═════ Input material ═════
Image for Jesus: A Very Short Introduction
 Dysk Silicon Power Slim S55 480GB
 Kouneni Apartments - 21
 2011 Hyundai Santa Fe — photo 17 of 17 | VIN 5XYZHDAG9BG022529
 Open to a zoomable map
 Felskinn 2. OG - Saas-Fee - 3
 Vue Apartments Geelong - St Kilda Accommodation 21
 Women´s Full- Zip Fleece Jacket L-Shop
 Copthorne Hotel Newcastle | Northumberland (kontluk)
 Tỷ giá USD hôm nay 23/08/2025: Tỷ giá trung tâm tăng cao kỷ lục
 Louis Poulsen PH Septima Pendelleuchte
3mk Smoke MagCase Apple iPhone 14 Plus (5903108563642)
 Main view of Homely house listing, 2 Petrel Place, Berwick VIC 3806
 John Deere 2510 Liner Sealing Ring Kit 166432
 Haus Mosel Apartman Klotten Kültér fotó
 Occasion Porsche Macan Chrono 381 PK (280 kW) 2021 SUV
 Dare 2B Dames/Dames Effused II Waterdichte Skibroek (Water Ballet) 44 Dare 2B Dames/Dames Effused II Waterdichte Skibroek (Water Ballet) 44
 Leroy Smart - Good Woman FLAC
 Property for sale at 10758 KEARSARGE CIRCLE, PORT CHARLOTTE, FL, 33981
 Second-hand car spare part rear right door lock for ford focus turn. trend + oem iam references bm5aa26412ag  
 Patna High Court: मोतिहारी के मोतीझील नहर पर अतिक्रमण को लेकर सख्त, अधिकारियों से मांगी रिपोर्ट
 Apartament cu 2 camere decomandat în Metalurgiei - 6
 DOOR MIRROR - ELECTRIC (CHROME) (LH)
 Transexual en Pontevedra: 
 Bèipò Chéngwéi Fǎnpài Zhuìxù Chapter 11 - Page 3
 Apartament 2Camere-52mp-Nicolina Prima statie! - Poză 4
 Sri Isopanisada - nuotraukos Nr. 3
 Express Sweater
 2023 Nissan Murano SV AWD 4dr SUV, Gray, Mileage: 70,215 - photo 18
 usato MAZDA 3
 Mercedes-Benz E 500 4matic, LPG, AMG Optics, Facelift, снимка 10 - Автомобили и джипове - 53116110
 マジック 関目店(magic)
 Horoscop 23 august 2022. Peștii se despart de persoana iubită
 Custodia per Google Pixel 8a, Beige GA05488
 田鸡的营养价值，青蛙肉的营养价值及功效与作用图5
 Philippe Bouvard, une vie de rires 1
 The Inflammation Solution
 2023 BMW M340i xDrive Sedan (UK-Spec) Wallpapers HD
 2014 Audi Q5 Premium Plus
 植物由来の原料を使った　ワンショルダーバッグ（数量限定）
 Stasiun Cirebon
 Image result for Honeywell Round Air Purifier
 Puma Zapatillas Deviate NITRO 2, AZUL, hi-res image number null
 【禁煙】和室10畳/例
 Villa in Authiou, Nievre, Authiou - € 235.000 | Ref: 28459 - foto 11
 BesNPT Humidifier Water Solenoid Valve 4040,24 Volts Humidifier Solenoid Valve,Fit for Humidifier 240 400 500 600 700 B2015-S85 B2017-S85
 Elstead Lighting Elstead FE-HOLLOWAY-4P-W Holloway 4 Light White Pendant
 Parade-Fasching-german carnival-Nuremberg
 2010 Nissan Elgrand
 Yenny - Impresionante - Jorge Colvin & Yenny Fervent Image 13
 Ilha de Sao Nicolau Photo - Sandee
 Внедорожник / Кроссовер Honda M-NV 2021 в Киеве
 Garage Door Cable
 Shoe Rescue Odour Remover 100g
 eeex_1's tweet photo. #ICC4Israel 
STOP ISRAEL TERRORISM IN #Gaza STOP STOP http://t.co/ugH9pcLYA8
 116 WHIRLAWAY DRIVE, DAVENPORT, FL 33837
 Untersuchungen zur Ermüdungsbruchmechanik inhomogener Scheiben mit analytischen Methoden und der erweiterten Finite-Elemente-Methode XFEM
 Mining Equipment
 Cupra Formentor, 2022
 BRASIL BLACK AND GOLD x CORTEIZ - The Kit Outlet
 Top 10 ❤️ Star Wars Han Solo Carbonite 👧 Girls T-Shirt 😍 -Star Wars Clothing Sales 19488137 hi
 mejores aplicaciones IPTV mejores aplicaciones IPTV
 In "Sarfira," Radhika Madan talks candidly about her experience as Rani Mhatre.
═════
Word for word, return all of the records.

# Task solution
Image for Jesus: A Very Short Introduction
 Dysk Silicon Power Slim S55 480GB
 Kouneni Apartments - 21
 2011 Hyundai Santa Fe — photo 17 of 17 | VIN 5XYZHDAG9BG022529
 Open to a zoomable map
 Felskinn 2. OG - Saas-Fee - 3
 Vue Apartments Geelong - St Kilda Accommodation 21
 Women´s Full- Zip Fleece Jacket L-Shop
 Copthorne Hotel Newcastle | Northumberland (kontluk)
 Tỷ giá USD hôm nay 23/08/2025: Tỷ giá trung tâm tăng cao kỷ lục
 Louis Poulsen PH Septima Pendelleuchte
3mk Smoke MagCase Apple iPhone 14 Plus (5903108563642)
 Main view of Homely house listing, 2 Petrel Place, Berwick VIC 3806
 John Deere 2510 Liner Sealing Ring Kit 166432
 Haus Mosel Apartman Klotten Kültér fotó
 Occasion Porsche Macan Chrono 381 PK (280 kW) 2021 SUV
 Dare 2B Dames/Dames Effused II Waterdichte Skibroek (Water Ballet) 44 Dare 2B Dames/Dames Effused II Waterdichte Skibroek (Water Ballet) 44
 Leroy Smart - Good Woman FLAC
 Property for sale at 10758 KEARSARGE CIRCLE, PORT CHARLOTTE, FL, 33981
 Second-hand car spare part rear right door lock for ford focus turn. trend + oem iam references bm5aa26412ag  
 Patna High Court: मोतिहारी के मोतीझील नहर पर अतिक्रमण को लेकर सख्त, अधिकारियों से मांगी रिपोर्ट
 Apartament cu 2 camere decomandat în Metalurgiei - 6
 DOOR MIRROR - ELECTRIC (CHROME) (LH)
 Transexual en Pontevedra: 
 Bèipò Chéngwéi Fǎnpài Zhuìxù Chapter 11 - Page 3
 Apartament 2Camere-52mp-Nicolina Prima statie! - Poză 4
 Sri Isopanisada - nuotraukos Nr. 3
 Express Sweater
 2023 Nissan Murano SV AWD 4dr SUV, Gray, Mileage: 70,215 - photo 18
 usato MAZDA 3
 Mercedes-Benz E 500 4matic, LPG, AMG Optics, Facelift, снимка 10 - Автомобили и джипове - 53116110
 マジック 関目店(magic)
 Horoscop 23 august 2022. Peștii se despart de persoana iubită
 Custodia per Google Pixel 8a, Beige GA05488
 田鸡的营养价值，青蛙肉的营养价值及功效与作用图5
 Philippe Bouvard, une vie de rires 1
 The Inflammation Solution
 2023 BMW M340i xDrive Sedan (UK-Spec) Wallpapers HD
 2014 Audi Q5 Premium Plus
 植物由来の原料を使った　ワンショルダーバッグ（数量限定）
 Stasiun Cirebon
 Image result for Honeywell Round Air Purifier
 Puma Zapatillas Deviate NITRO 2, AZUL, hi-res image number null
 【禁煙】和室10畳/例
 Villa in Authiou, Nievre, Authiou - € 235.000 | Ref: 28459 - foto 11
 BesNPT Humidifier Water Solenoid Valve 4040,24 Volts Humidifier Solenoid Valve,Fit for Humidifier 240 400 500 600 700 B2015-S85 B2017-S85
 Elstead Lighting Elstead FE-HOLLOWAY-4P-W Holloway 4 Light White Pendant
 Parade-Fasching-german carnival-Nuremberg
 2010 Nissan Elgrand
 Yenny - Impresionante - Jorge Colvin & Yenny Fervent Image 13
 Ilha de Sao Nicolau Photo - Sandee
 Внедорожник / Кроссовер Honda M-NV 2021 в Киеве
 Garage Door Cable
 Shoe Rescue Odour Remover 100g
 eeex_1's tweet photo. #ICC4Israel 
STOP ISRAEL TERRORISM IN #Gaza STOP STOP http://t.co/ugH9pcLYA8
 116 WHIRLAWAY DRIVE, DAVENPORT, FL 33837
 Untersuchungen zur Ermüdungsbruchmechanik inhomogener Scheiben mit analytischen Methoden und der erweiterten Finite-Elemente-Methode XFEM
 Mining Equipment
 Cupra Formentor, 2022
 BRASIL BLACK AND GOLD x CORTEIZ - The Kit Outlet
 Top 10 ❤️ Star Wars Han Solo Carbonite 👧 Girls T-Shirt 😍 -Star Wars Clothing Sales 19488137 hi
 mejores aplicaciones IPTV mejores aplicaciones IPTV
 In "Sarfira," Radhika Madan talks candidly about her experience as Rani Mhatre.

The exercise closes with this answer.